Nearly 20 Wounded Warriors are testing their hand at archery at the U.S. Olympic Training Center in Chula Vista.
A local company called Millennium Health paid for the two week camp.
Retired Gunnery Sergeant Mike Rios was in the Marine Corps for 18 years.
He was in Afghanistan on his fourth combat deployment when a 45 minute firefight stripped him of who he was and what he knew.
"I heard the RPG blast, and I could see it coming at me like a football," Rios said.
He came to with his face in the dirt.
"My kneecap was almost totally out of my knee and shifted to the left," he added.
Rios said he kept firing as his friend carried him through gunfire to the helicopter.
The pain was excrutiating, but it was nothing compared to the inner agony that followed.
"I felt weak," Rios said. "Almost like my life was over."
He could no longer serve.
"I put a gun to my chest," he explained. "I was just thinking it was going to take nothing but a split second, and everything that I'm going through would be done with."
He caught a glimpse of his reflection in his TV and did not recognize himself.
"It was hard for me to see it and see myself in that light especially when I thought of myself as a standup guy," he added.
When his demons crept up on him again, he recorded himself on his iPad. Then, he watched the man he did not want to be.
He also got into adaptive sports and got good fast.

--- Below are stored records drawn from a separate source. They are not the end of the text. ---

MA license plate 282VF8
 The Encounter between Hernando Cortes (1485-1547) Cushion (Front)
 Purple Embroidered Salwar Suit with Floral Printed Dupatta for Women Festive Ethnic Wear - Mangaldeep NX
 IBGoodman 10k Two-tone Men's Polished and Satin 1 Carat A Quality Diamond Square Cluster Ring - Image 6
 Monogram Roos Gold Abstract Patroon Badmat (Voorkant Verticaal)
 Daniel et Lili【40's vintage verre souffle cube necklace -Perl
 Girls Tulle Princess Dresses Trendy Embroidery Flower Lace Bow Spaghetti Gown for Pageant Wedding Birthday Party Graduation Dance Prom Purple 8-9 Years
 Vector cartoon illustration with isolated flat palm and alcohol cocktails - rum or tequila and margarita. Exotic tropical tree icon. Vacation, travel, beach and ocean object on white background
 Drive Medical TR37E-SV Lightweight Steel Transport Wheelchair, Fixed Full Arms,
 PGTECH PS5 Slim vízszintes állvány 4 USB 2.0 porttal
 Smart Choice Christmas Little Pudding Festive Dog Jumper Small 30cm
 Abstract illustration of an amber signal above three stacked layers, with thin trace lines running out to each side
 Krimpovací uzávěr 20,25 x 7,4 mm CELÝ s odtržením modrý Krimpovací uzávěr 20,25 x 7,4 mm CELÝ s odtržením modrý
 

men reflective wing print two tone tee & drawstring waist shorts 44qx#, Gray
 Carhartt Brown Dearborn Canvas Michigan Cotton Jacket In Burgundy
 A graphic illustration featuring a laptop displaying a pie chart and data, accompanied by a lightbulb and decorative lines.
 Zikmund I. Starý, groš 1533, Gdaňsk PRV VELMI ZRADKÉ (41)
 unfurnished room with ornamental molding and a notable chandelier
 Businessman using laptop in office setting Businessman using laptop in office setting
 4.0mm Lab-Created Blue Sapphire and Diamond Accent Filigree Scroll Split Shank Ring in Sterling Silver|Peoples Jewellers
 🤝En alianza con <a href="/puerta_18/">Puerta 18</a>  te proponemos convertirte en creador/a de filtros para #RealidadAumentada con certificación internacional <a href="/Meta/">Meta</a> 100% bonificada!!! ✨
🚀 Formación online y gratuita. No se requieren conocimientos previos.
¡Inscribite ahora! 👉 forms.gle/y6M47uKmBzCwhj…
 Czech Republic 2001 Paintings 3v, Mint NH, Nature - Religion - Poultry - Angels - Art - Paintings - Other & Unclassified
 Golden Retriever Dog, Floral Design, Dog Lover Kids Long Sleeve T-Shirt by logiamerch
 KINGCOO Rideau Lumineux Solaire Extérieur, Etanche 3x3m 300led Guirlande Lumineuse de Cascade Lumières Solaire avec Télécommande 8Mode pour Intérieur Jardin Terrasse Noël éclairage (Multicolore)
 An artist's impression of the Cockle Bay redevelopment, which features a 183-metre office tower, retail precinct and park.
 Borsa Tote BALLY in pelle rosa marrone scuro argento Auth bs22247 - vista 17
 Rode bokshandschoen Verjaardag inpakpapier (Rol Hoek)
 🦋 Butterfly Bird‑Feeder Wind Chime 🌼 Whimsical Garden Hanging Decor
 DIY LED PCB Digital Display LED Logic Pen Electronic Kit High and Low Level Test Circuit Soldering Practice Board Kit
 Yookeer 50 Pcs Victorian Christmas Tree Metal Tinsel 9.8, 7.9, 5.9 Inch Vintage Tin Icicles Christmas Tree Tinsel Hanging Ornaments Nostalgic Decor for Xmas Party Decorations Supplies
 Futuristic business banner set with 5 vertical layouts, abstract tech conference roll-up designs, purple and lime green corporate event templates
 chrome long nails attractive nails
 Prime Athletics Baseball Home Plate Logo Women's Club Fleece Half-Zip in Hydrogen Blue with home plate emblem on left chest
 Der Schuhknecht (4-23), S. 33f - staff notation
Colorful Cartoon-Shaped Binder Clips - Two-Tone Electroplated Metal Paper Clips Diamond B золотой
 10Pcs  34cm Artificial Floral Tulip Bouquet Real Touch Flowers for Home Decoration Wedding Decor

"The more I focused on the sports that I was doing, the less I focused on the outside things that were happening to me," he said.
Despite falling while hand cycling during the Warrior Games, he still landed the silver medal.
After trying archery for the first time during the camp, his expert shooting skills made him a natural. He is already gunning for the Warrior Games in March.
"I don't have to make these videos anymore in order to realize that I have control of my life," Rios said.
He is now aiming at a target instead of his heart.